The offence occurred at the 2014 CFL Regional Combine in Edmonton, and Atwall was promptly handed a four-year ban from the CIS.
While Atwall’s PED use is a very serious matter, it is the repercussions—or lack thereof—which should be garnering more attention.
Atwall’s violation occurred on March 17 – long after the football season had ended. Atwall had completed his five years of eligibility by the time the CFL regional combine rolled around, and, therefore, from a CIS standpoint the ban had no effect on him.
Bison athletic director Coleen Dufresne was quick to describe the process all athletes go through to hopefully prevent an infraction from occurring, noting how thorough the education process is.
“We educate our athletes every year,” said Dufresne. “They go through an online drug education seminar; we have coaches speak to them. Our assistant athletic director in the initial meetings goes through all of that as well.”
A similar incident occurred at a different CFL combine, which also took place in March, when former Concordia offensive lineman Quinn Smith tested positive for a PED known as stanozolol. Smith stated that he unintentionally used the substance while consuming a supplement he hadn’t fully researched the contents of. Smith was handed a two-year ban for being a first-time offender, ending his CIS career as he had just two years left.
What makes Smith’s case so intriguing, however, is the fact that his results were revealed publicly just hours before the 2014 CFL Draft took place, yet Calgary still took him seventh overall. The only punishment he will receive as a CFL player is mandatory drug testing, as well as counselling.
Evan Gill was taken in that same draft, just two places after Smith. A teammate on the defensive line with Atwall for two seasons, he agrees that the CFL needs to crack down on its drug testing policies.
“I don’t understand what message the CFL is sending when a player can test positive at their own combine and still have an opportunity to be drafted,” said Gill.
“It sends a poor message to young athletes watching the [CFL] draft on national television. What are you supposed to tell kids with pro aspirations?

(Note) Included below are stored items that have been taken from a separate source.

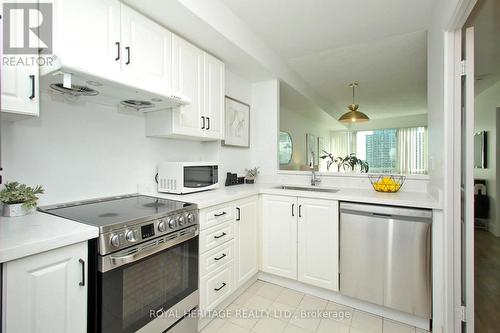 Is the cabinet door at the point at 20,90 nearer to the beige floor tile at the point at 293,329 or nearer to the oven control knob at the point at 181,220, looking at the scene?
the oven control knob at the point at 181,220

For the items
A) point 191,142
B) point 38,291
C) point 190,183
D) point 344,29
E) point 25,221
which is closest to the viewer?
point 38,291

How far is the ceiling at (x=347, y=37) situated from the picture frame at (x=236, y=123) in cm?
73

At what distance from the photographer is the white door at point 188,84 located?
6.04 feet

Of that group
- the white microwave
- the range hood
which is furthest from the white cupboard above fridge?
the white microwave

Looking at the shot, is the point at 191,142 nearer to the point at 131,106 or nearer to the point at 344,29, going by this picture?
the point at 131,106

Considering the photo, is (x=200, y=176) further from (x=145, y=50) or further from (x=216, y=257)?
(x=145, y=50)

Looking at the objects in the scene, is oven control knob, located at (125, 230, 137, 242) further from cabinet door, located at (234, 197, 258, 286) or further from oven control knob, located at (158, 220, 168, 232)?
cabinet door, located at (234, 197, 258, 286)

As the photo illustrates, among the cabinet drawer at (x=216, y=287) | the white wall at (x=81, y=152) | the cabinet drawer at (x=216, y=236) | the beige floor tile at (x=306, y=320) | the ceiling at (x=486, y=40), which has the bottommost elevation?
the beige floor tile at (x=306, y=320)

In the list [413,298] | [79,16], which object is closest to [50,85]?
[79,16]

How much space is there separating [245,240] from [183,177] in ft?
2.62

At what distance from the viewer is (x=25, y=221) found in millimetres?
1126

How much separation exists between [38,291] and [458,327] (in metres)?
2.21

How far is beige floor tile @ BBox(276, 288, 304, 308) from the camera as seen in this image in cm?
203

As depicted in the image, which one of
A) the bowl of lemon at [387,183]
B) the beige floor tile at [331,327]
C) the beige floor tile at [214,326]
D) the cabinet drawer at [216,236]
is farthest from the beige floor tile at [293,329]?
the bowl of lemon at [387,183] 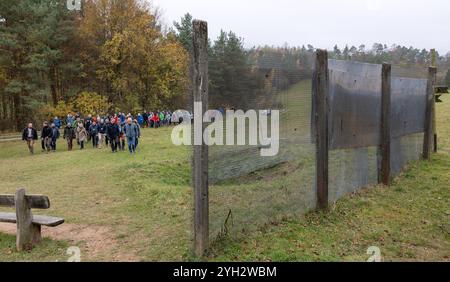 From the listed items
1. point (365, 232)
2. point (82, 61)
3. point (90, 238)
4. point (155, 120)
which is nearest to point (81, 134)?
point (155, 120)

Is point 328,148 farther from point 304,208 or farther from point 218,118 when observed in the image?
point 218,118

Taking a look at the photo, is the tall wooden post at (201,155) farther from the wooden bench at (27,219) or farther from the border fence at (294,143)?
the wooden bench at (27,219)

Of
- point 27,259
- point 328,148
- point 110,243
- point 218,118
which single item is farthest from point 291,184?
point 27,259

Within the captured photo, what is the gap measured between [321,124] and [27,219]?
4747mm

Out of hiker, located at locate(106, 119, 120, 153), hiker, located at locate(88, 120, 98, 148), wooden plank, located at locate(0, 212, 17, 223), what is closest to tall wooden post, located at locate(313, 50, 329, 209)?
wooden plank, located at locate(0, 212, 17, 223)

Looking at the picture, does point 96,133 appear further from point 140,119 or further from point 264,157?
point 264,157

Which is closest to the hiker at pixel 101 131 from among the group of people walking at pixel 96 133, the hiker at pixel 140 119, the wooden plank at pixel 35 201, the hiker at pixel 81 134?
the group of people walking at pixel 96 133

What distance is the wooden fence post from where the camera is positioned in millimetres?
11523

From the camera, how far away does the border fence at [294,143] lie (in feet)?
17.4

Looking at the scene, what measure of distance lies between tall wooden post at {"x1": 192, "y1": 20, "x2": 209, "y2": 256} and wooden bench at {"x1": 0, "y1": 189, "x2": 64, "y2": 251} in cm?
250

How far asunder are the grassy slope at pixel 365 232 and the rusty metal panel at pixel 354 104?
1063 millimetres

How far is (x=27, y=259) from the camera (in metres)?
6.01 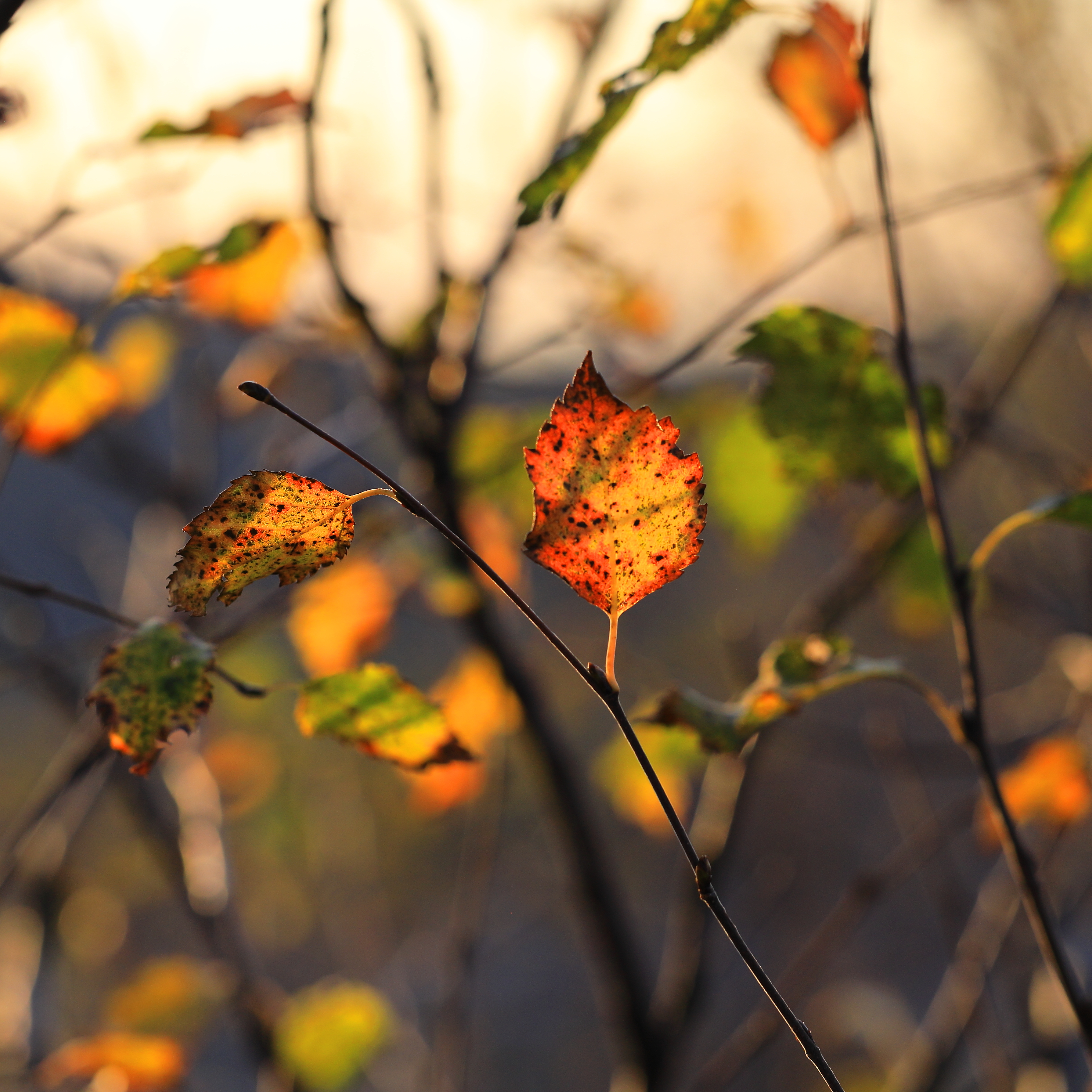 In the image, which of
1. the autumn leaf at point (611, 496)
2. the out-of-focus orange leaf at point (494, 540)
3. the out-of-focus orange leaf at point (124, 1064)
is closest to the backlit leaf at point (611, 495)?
the autumn leaf at point (611, 496)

Change is needed; it’s not fair to other athletes.”
These two cases, among others, reveal multiple risks for the future of Canadian football. There is a loophole for draft-eligible players going into their fourth or fifth year of CIS eligibility. A player could simply take a PED, if it’s their first offence, in order to perform better at the combine, and face no consequences from a university standpoint as their time had already finished.
In the example of Smith, the use of a PED may have significantly increased his performance at the CFL combine. He sprung up draft boards immediately afterwards, coming in at number four on the final pre-draft list, after an impressive showing on both sides of the ball. Interestingly enough, Smith wasn’t included on the CFL scouting bureau’s fall or winter lists, and came from relatively out of nowhere at the draft.

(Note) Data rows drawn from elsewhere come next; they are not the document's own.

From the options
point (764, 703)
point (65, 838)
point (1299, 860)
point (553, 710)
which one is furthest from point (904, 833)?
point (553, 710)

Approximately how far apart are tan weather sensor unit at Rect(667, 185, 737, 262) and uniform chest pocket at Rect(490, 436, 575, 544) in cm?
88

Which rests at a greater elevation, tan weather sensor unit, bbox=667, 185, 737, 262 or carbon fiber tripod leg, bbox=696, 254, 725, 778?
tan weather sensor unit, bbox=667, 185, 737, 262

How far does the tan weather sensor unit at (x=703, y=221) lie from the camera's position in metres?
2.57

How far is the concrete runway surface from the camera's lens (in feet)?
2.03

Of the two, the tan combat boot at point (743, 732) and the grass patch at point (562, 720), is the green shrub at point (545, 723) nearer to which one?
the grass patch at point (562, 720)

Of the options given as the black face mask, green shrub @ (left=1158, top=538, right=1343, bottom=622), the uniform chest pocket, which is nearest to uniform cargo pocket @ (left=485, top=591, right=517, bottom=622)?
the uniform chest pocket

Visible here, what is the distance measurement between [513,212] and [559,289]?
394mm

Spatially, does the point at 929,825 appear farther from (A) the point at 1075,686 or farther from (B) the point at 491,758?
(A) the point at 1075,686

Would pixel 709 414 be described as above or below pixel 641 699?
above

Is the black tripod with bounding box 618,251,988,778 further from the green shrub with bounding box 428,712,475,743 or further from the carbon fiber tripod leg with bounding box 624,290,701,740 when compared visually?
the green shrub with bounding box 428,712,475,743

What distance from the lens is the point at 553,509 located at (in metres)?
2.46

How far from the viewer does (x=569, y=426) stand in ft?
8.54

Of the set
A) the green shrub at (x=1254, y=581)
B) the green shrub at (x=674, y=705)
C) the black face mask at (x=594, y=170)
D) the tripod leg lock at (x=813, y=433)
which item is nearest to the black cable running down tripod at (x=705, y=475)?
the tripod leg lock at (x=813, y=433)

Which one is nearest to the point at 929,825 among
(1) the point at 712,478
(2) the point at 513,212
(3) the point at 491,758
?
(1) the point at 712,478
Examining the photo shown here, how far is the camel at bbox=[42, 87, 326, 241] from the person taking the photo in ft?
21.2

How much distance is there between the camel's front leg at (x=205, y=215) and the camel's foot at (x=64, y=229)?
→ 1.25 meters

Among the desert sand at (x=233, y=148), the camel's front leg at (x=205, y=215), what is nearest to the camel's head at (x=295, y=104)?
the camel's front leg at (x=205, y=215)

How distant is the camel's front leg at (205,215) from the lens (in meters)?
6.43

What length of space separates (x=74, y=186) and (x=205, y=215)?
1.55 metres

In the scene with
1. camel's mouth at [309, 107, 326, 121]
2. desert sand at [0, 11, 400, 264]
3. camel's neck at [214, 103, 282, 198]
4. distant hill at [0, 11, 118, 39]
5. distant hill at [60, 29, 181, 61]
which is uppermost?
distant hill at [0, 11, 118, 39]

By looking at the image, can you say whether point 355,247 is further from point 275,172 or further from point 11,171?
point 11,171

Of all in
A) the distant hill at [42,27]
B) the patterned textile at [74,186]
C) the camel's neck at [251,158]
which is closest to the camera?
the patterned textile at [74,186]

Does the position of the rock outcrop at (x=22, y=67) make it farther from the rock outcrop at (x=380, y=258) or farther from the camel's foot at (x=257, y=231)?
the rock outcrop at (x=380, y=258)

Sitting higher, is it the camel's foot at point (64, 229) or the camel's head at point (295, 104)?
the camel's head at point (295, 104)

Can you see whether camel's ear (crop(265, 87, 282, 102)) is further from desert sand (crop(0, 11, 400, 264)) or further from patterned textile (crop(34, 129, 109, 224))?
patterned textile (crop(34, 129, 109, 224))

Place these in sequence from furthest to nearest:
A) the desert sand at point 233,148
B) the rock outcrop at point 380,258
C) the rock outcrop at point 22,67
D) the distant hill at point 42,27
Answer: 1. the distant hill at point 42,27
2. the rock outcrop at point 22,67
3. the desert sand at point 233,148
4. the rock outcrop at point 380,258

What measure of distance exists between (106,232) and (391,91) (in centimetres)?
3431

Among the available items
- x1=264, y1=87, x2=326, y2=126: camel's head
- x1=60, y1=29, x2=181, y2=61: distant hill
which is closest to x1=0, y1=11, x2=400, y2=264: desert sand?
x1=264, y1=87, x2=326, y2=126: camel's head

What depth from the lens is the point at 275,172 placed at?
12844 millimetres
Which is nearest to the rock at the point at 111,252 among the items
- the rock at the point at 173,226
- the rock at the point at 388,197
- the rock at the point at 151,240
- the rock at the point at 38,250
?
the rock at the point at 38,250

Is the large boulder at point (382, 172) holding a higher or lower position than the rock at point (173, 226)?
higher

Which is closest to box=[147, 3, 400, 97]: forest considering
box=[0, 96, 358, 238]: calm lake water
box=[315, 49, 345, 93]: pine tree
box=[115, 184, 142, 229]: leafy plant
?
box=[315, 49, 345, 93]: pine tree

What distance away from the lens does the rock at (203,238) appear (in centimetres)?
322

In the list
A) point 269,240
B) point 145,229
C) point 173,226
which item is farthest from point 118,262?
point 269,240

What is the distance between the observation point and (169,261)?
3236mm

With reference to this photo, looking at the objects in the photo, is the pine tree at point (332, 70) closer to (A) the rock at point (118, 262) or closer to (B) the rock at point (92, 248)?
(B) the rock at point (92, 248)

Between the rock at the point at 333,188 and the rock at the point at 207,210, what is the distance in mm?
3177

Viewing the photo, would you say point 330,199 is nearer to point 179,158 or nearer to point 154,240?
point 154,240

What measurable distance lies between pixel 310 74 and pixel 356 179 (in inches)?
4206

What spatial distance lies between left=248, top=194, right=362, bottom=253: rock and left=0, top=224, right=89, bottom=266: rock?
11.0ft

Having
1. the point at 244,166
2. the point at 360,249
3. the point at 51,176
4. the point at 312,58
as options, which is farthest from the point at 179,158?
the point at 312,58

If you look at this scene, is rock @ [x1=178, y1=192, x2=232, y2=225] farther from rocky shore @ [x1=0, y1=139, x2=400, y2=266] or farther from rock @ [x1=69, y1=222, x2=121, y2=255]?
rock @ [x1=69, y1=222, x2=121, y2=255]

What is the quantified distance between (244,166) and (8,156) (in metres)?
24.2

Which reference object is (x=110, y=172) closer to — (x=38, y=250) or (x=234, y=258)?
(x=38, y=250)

As a first-time offender of the CFL drug policy, Smith typically wouldn’t have had his name mentioned. It was his choice to reveal his test results publicly. This is also a danger for the CFL, as players essentially have a hall pass to cheat, knowing that a first-time offence warrants a relatively loose penalty.
The CFL has only had a drug policy in place since 2010. While it is great to finally see some sort of regulation, being so late with a final platform meant the CFL was for a long time a “summer camp” for players that had been suspended from other leagues.

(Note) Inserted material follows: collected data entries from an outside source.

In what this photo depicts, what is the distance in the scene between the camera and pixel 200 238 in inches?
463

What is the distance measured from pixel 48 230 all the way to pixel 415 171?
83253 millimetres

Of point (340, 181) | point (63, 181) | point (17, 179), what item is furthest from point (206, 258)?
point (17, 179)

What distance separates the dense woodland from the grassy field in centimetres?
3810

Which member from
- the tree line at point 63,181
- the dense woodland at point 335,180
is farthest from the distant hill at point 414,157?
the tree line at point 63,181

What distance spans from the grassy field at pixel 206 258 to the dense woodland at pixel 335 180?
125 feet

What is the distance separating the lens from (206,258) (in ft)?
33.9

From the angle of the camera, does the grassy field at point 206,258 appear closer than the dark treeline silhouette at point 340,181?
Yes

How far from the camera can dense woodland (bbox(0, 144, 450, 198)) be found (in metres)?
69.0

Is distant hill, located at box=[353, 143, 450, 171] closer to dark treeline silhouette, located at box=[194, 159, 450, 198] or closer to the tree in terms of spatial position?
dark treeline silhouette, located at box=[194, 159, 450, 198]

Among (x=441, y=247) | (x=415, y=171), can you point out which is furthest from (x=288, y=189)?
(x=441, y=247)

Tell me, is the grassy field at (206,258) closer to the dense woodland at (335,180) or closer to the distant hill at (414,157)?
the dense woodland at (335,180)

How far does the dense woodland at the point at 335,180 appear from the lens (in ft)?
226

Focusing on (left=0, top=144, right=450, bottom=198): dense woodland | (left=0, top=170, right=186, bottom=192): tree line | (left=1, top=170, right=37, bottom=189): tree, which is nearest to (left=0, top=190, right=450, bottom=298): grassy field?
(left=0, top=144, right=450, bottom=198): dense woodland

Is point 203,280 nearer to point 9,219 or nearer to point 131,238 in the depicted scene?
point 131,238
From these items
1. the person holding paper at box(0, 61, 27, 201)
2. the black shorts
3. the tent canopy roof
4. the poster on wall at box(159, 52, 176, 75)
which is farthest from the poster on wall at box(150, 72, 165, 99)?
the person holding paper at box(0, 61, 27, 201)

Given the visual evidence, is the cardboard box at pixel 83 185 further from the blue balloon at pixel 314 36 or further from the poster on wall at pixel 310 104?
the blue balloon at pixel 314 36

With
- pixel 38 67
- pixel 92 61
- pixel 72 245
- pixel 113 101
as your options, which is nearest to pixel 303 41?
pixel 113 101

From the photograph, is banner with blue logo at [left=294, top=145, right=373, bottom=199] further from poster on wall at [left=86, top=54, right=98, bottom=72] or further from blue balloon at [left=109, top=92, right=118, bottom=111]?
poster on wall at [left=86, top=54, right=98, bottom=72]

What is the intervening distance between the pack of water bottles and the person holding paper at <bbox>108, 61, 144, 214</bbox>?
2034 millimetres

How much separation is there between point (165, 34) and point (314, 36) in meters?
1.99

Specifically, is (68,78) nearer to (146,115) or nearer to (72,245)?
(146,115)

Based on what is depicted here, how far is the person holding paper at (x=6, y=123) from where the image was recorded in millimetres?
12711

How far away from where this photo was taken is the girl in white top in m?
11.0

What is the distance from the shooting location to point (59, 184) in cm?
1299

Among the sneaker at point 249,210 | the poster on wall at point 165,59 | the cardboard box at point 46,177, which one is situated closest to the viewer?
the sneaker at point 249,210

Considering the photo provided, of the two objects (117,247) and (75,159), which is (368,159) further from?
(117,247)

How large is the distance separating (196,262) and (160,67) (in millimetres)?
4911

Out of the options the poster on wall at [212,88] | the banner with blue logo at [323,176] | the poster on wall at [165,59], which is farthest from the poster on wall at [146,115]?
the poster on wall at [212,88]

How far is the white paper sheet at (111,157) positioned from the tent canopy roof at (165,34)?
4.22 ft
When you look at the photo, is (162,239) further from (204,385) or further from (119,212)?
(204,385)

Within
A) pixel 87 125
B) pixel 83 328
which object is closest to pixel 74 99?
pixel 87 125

Take Ricky Williams, a former running back with the Miami Dolphins. In 2006, he was suspended for the entire NFL season after his fourth violation of the league’s substance abuse policy. He chose to suit up with the Toronto Argonauts that year, and not only played, but was also handed the highest paid contract for any CFL running back that season.
This issue comes down to money. In recent years, the CCES, which is funded by the Canadian government, has received $5.4 million, but most of that money goes toward testing Olympic athletes.
According to a report from TSN.ca, “the CCES is planning 200 tests for nearly 11,000 CIS athletes” this year. That is simply not enough.
Part of the problem stems from the fact that it costs $1,000 to perform a single test, most of which goes to lab fees. When the government evaluates these costs, and then looks at where drug testing is most important, they are going to grant priority to athletes representing Canada at international events, as opposed to university athletes.
More needs to be done on both the CFL’s end and the CCES’ in order for athletes to get the message.
The CFL needs to update their drug policy in order to make the consequences for first-time offenders more severe. The NFL, for example, hands down a four-game suspension for a first-time PED offence. The CFL should consider looking into an approach such as this, both for the benefit of current players, as well as for those coming from the CIS.
The CCES simply needs more funding from the Canadian government. With more money, more testing can be done on all athletes, regardless of whether they are amateur or professional.
Little steps such as these should ultimately pay off in the long run, and bring down the amount of PED use going forward.